#### Your goal:
For this task, output every entry below exactly and omit the pictures.

=== Task inputs ===

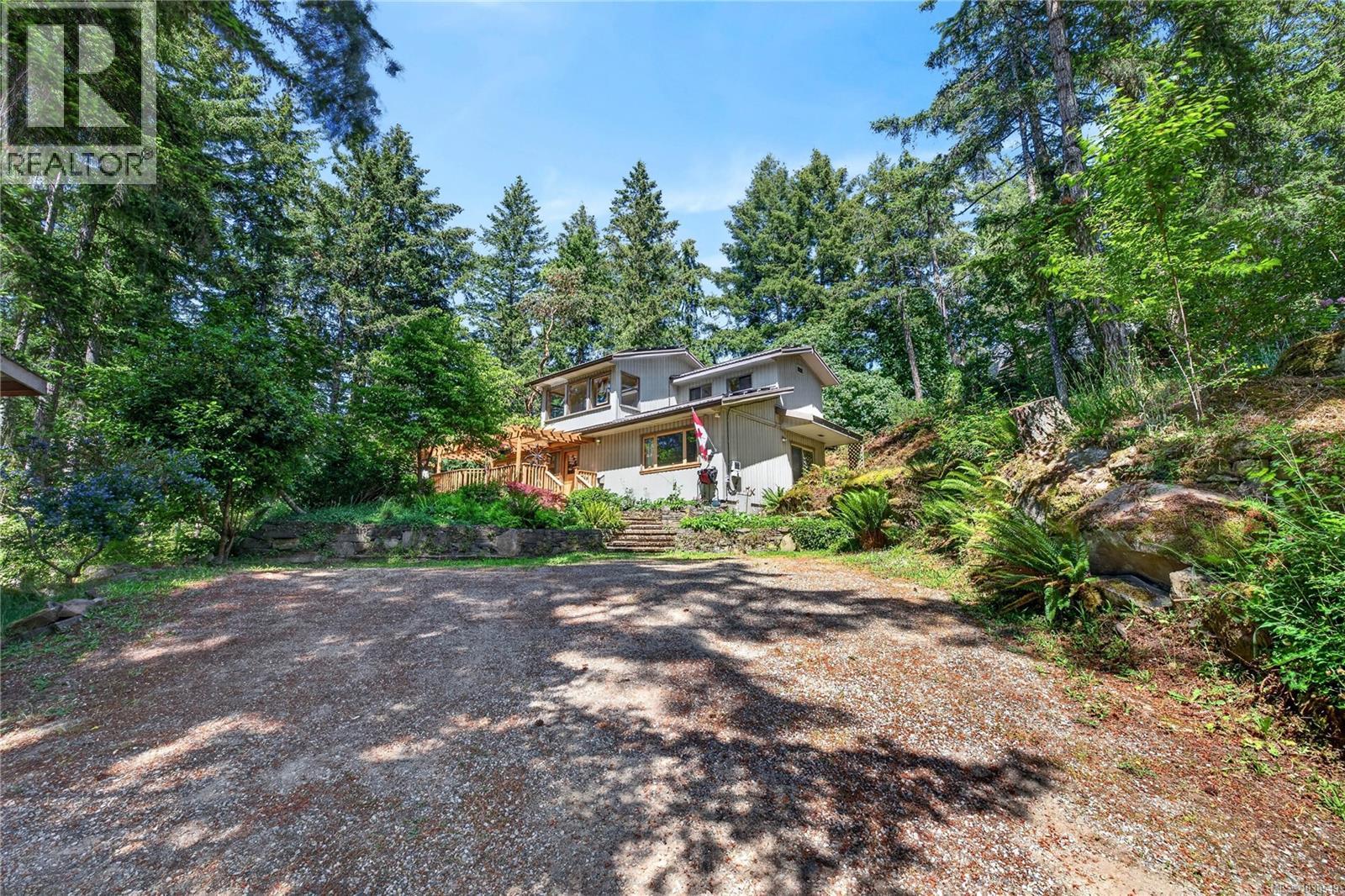 654 Vesuvius Bay Rd - 4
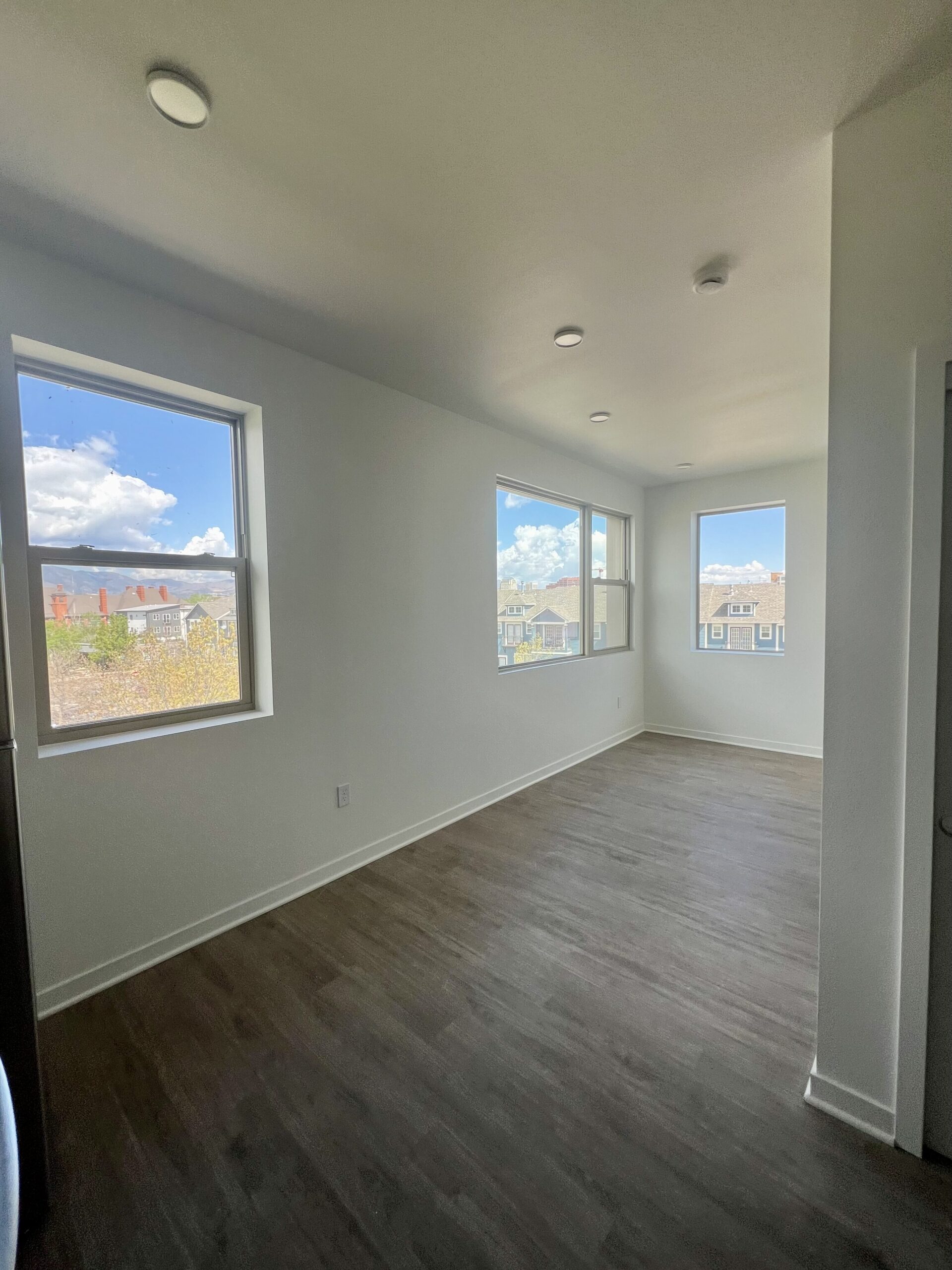 Sumner House at Draper Commons* presenting Fountain Blvd. & Wahsatch Ave.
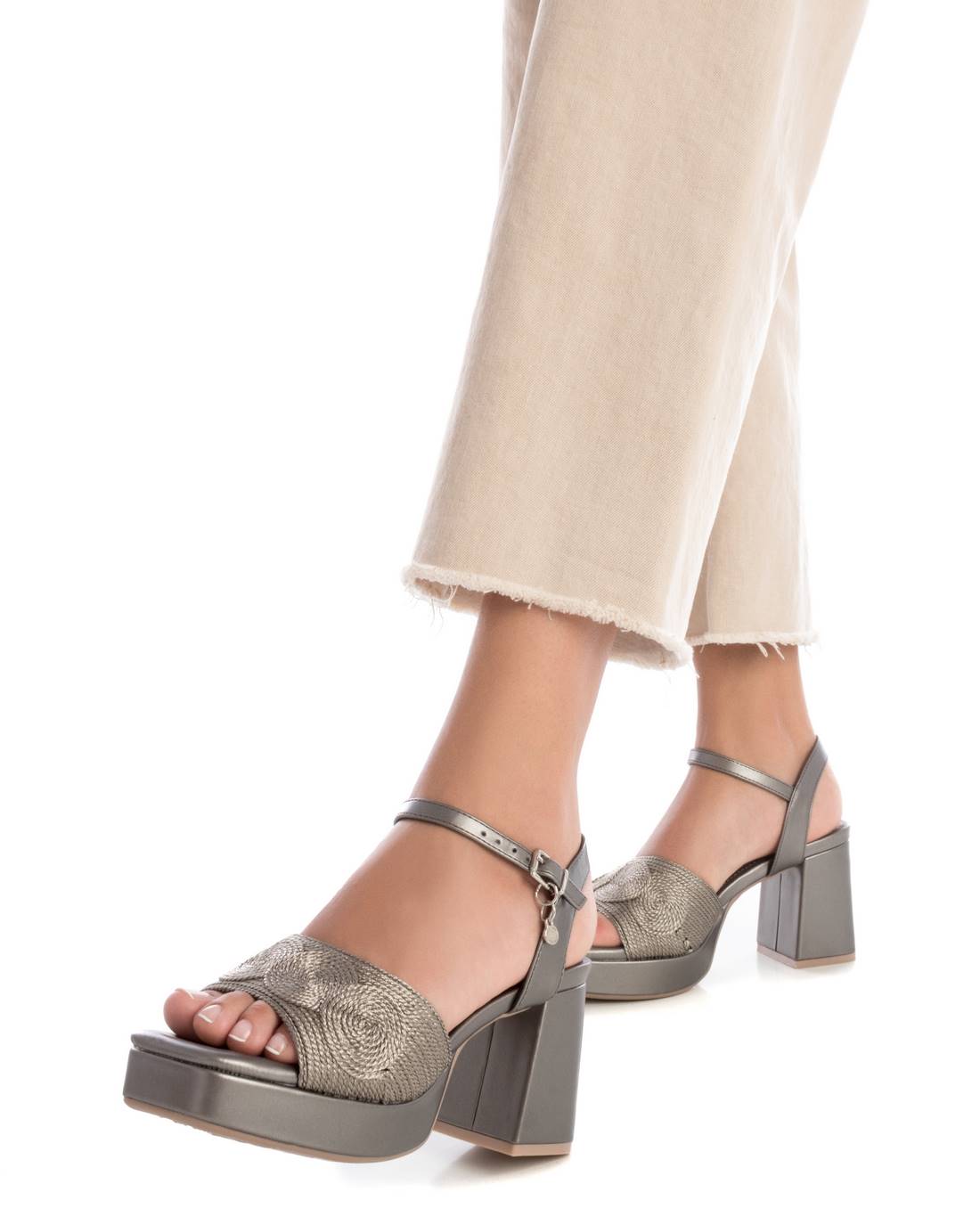 SANDALIA DE MUJER XTI 14284502 - Imagen 2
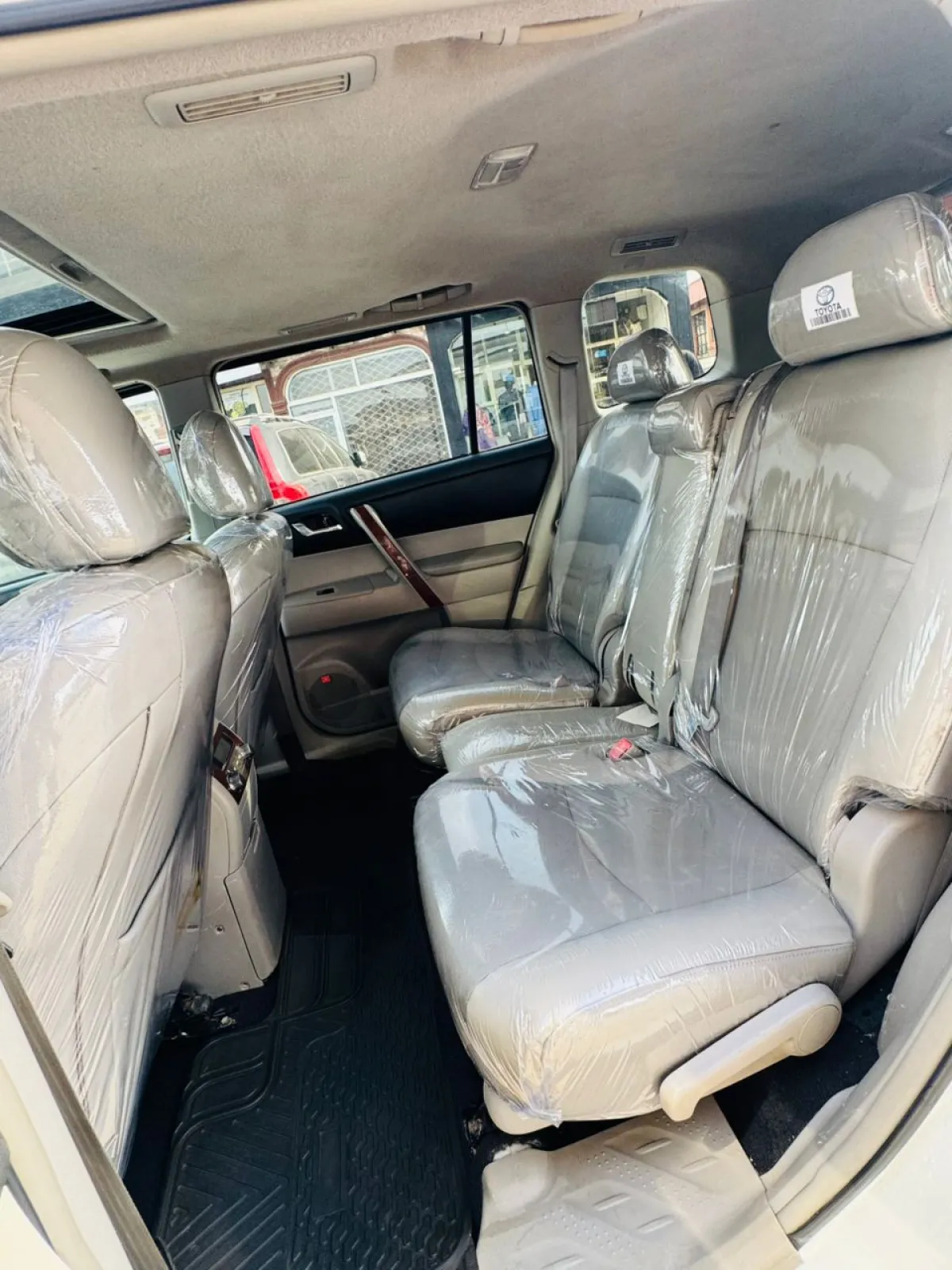 Toyota Highlander 2012 Limited Edition - Image 7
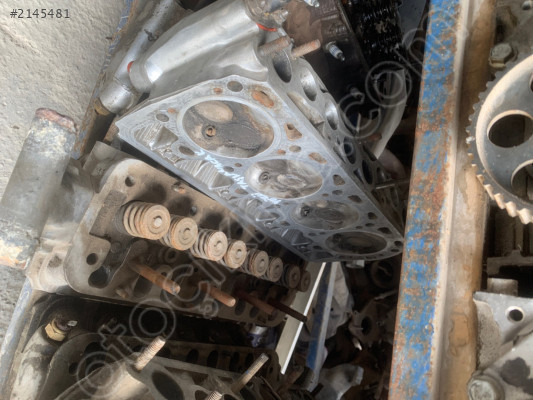 Tofaş kara motor üst kapak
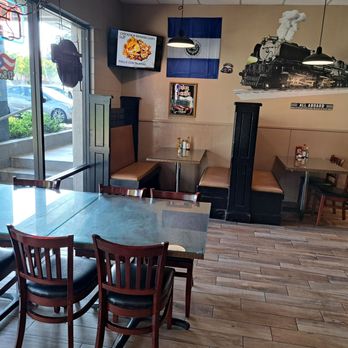 El Boritracho - Inside restaurant - Salvadoran Near Me - Citrus Heights, California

===

#### Result of this exercise:
 654 Vesuvius Bay Rd - 4
 Sumner House at Draper Commons* presenting Fountain Blvd. & Wahsatch Ave.
 SANDALIA DE MUJER XTI 14284502 - Imagen 2
 Toyota Highlander 2012 Limited Edition - Image 7
 Tofaş kara motor üst kapak
 El Boritracho - Inside restaurant - Salvadoran Near Me - Citrus Heights, California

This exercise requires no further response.